Exercise prompt:
The entries below contain pictures, which are to be left out; write out exactly, and only, the lines from the line with "Foto af Tesla Model S" up to and including the line with "Celtic Sisters Knot Ring".

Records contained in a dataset
※
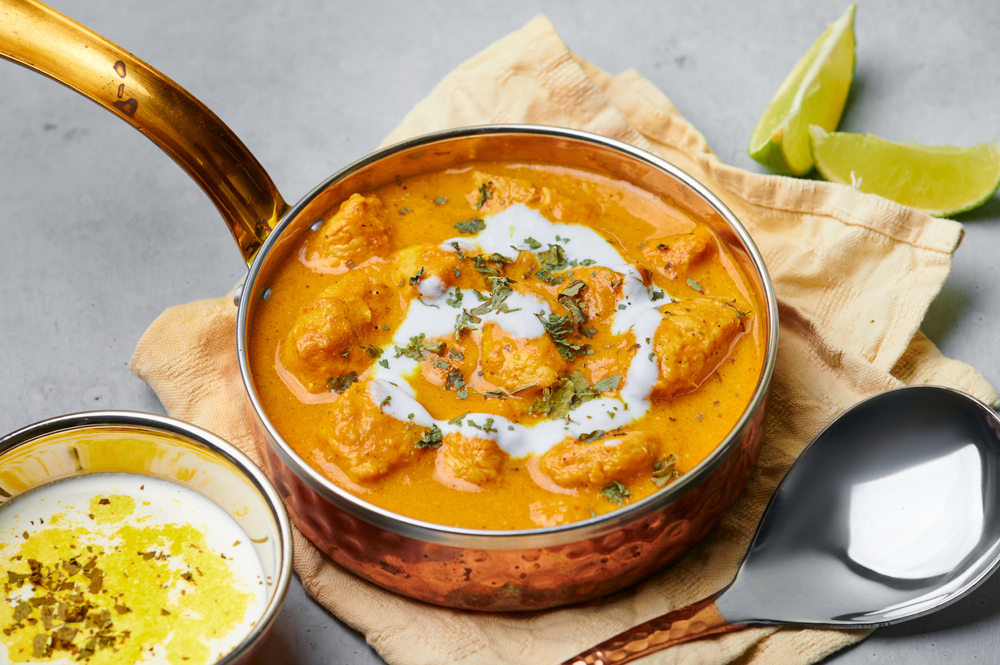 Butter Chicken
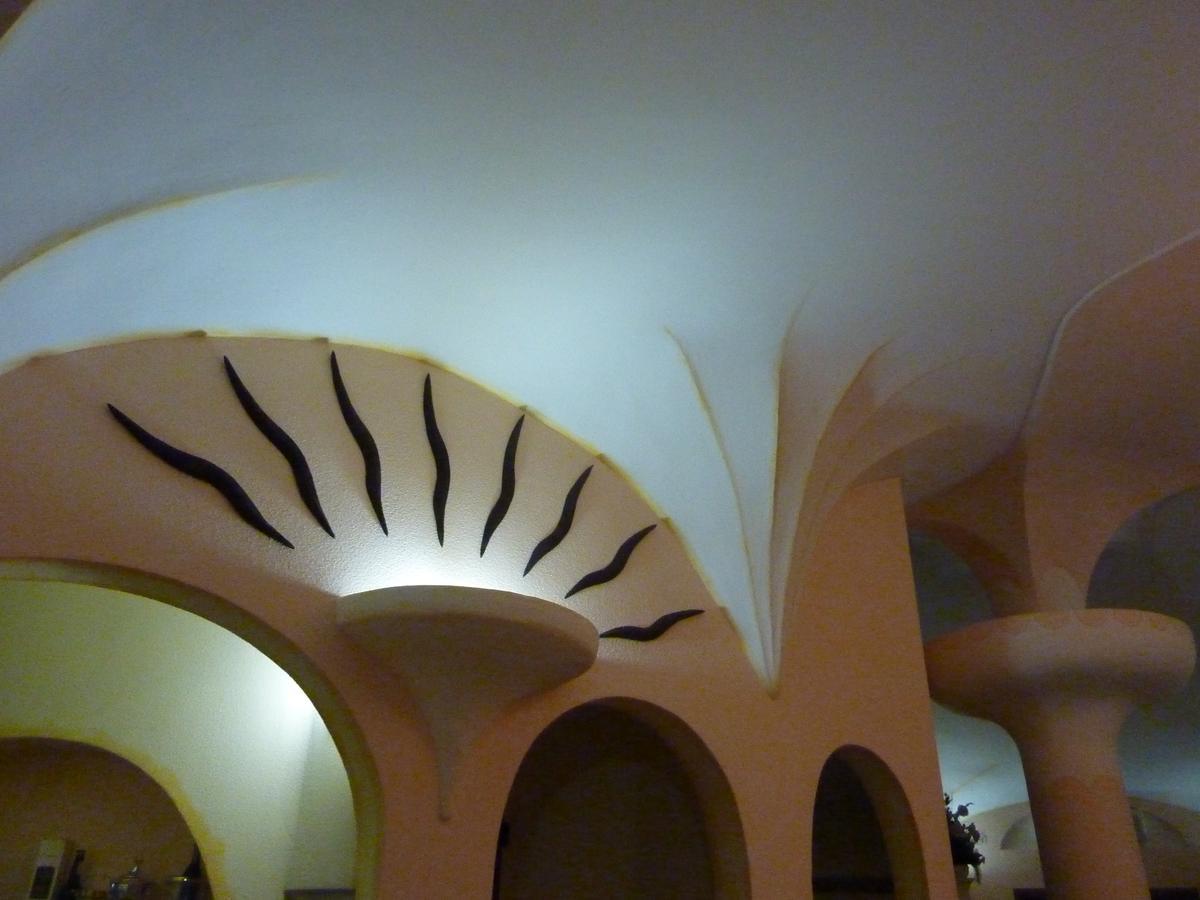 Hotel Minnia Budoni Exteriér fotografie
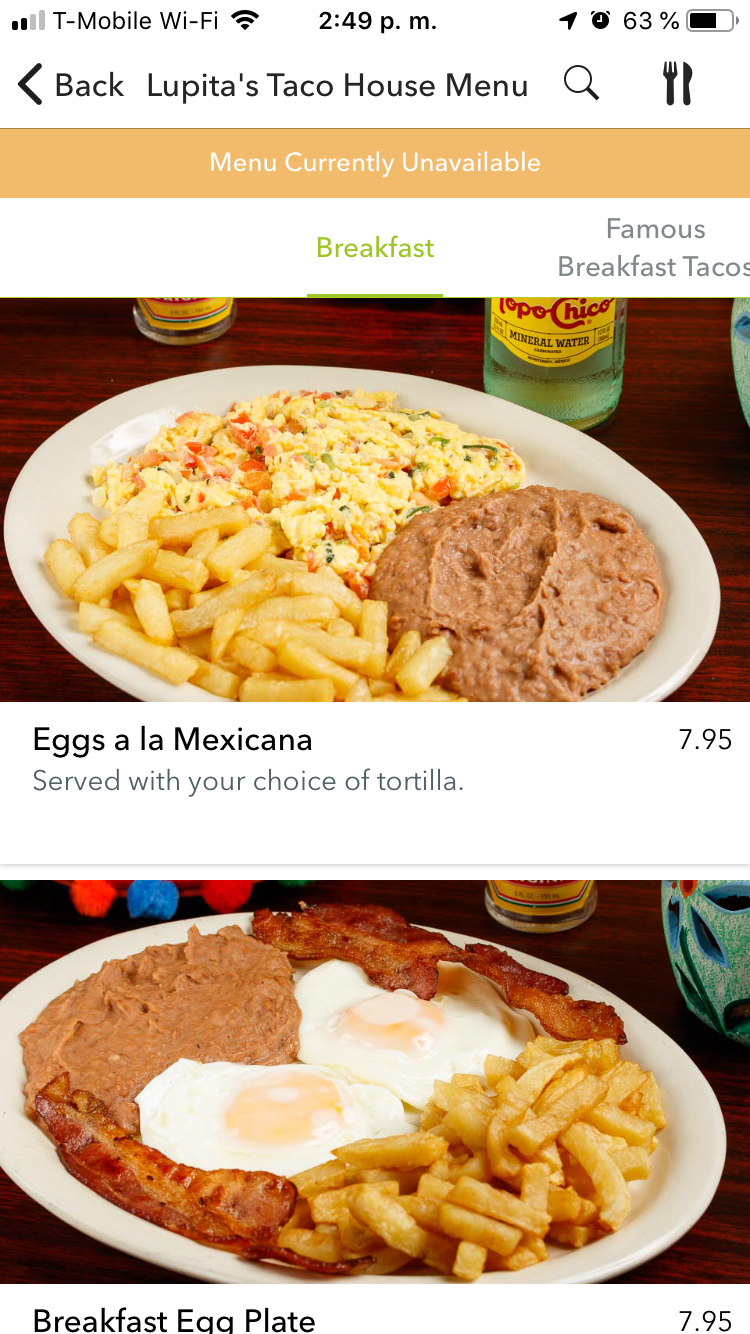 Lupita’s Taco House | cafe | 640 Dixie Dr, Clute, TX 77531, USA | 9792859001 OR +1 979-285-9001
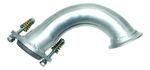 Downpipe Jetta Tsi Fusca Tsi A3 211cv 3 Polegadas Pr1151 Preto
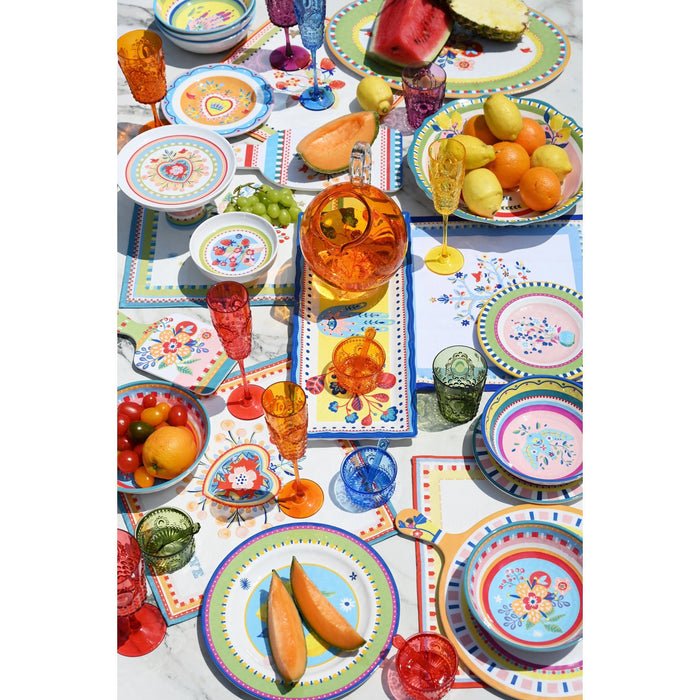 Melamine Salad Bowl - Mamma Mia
※
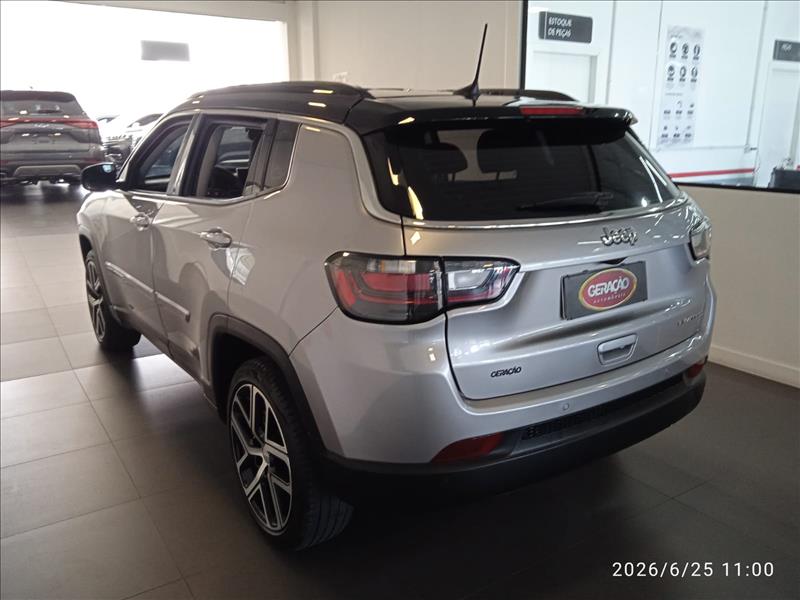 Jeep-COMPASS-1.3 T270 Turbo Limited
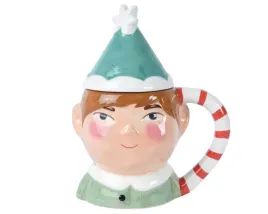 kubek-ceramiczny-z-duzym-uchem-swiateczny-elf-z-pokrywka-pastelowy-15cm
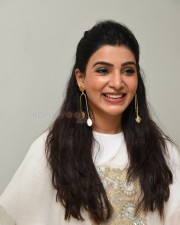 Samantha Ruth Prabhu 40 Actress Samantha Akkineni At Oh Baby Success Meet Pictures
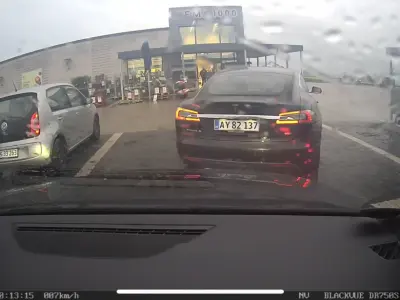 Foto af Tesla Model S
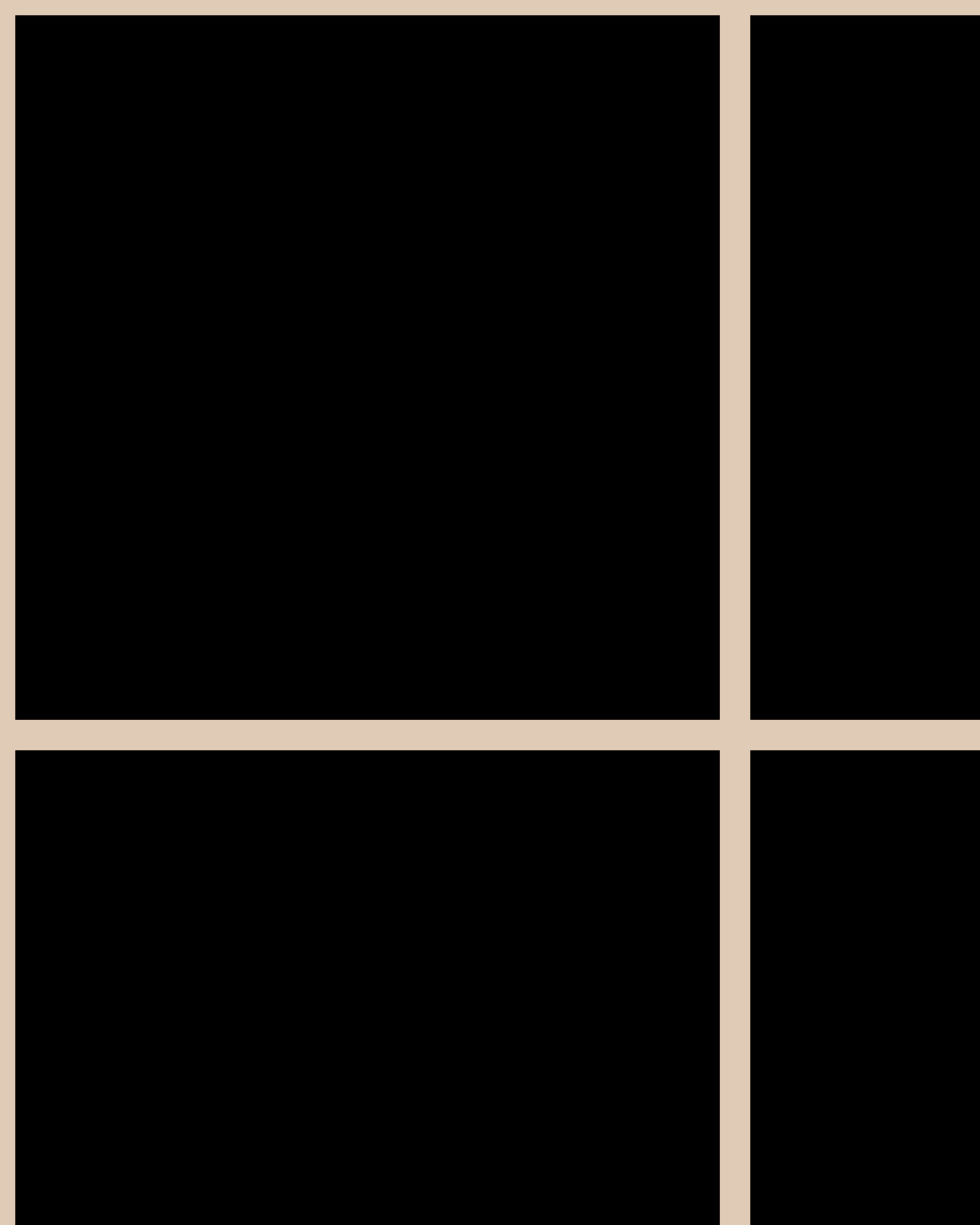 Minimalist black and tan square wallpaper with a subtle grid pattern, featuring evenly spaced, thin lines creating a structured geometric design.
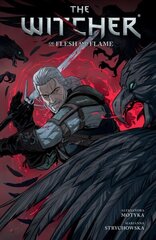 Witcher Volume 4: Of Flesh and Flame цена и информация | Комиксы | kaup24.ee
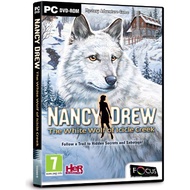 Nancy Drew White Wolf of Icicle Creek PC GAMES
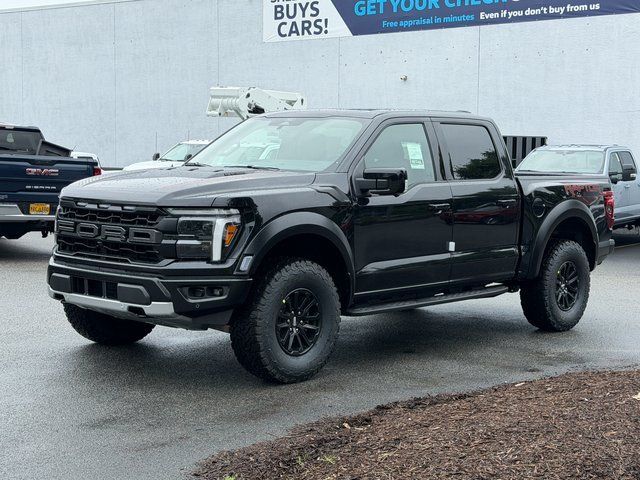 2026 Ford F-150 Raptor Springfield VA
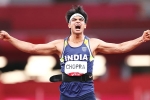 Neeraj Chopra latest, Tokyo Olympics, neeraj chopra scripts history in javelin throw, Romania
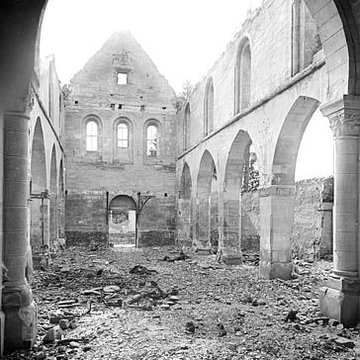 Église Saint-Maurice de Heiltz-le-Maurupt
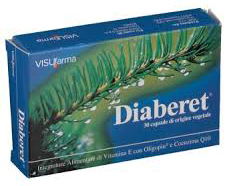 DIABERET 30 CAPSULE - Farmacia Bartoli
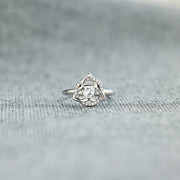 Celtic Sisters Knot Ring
※
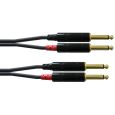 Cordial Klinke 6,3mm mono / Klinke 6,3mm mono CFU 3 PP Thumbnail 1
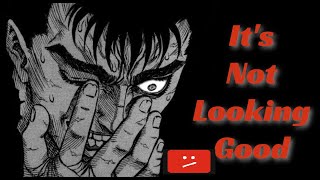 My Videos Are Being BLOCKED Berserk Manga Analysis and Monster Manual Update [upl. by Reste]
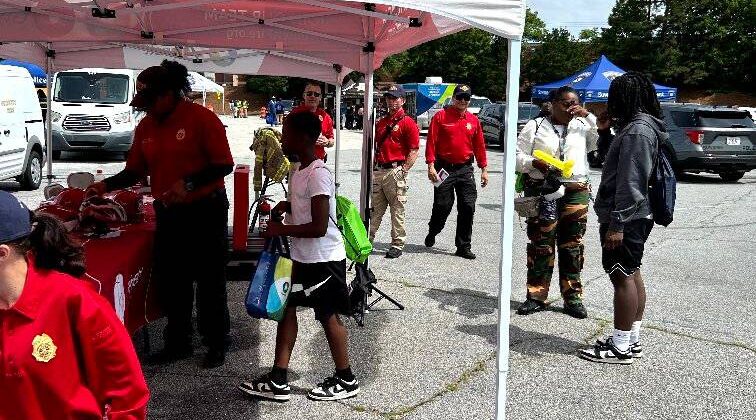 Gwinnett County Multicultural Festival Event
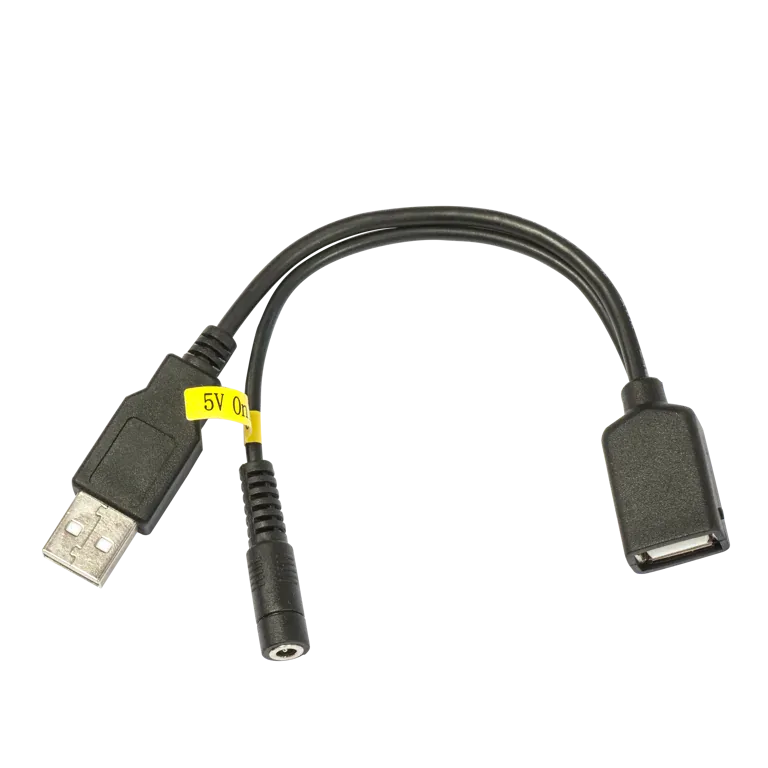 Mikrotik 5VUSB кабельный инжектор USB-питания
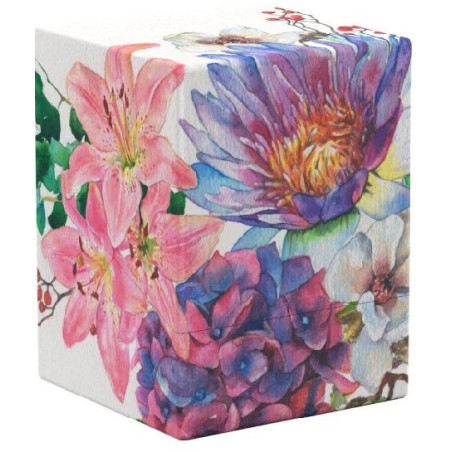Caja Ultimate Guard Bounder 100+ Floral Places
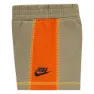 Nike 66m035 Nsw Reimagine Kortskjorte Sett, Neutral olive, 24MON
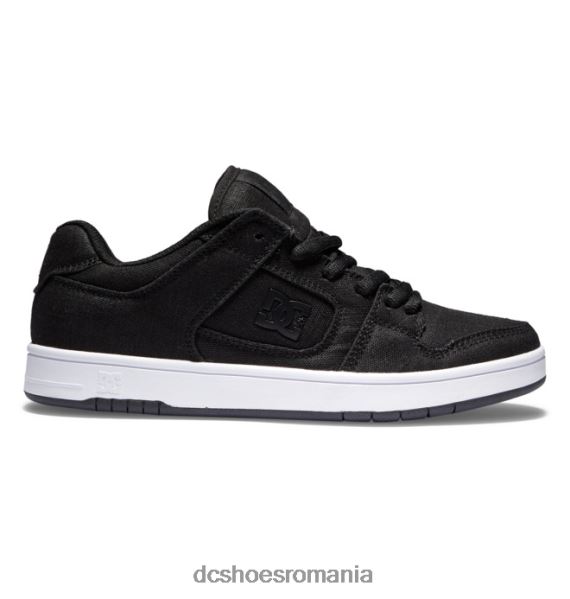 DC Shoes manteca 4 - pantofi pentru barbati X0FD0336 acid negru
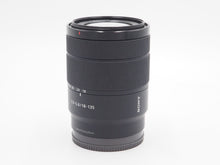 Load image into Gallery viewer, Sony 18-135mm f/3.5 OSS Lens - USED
※
Final answer:
 Foto af Tesla Model S
 Minimalist black and tan square wallpaper with a subtle grid pattern, featuring evenly spaced, thin lines creating a structured geometric design.
 Witcher Volume 4: Of Flesh and Flame цена и информация | Комиксы | kaup24.ee
 Nancy Drew White Wolf of Icicle Creek PC GAMES
 2026 Ford F-150 Raptor Springfield VA
 Neeraj Chopra latest, Tokyo Olympics, neeraj chopra scripts history in javelin throw, Romania
 Église Saint-Maurice de Heiltz-le-Maurupt
 DIABERET 30 CAPSULE - Farmacia Bartoli
 Celtic Sisters Knot Ring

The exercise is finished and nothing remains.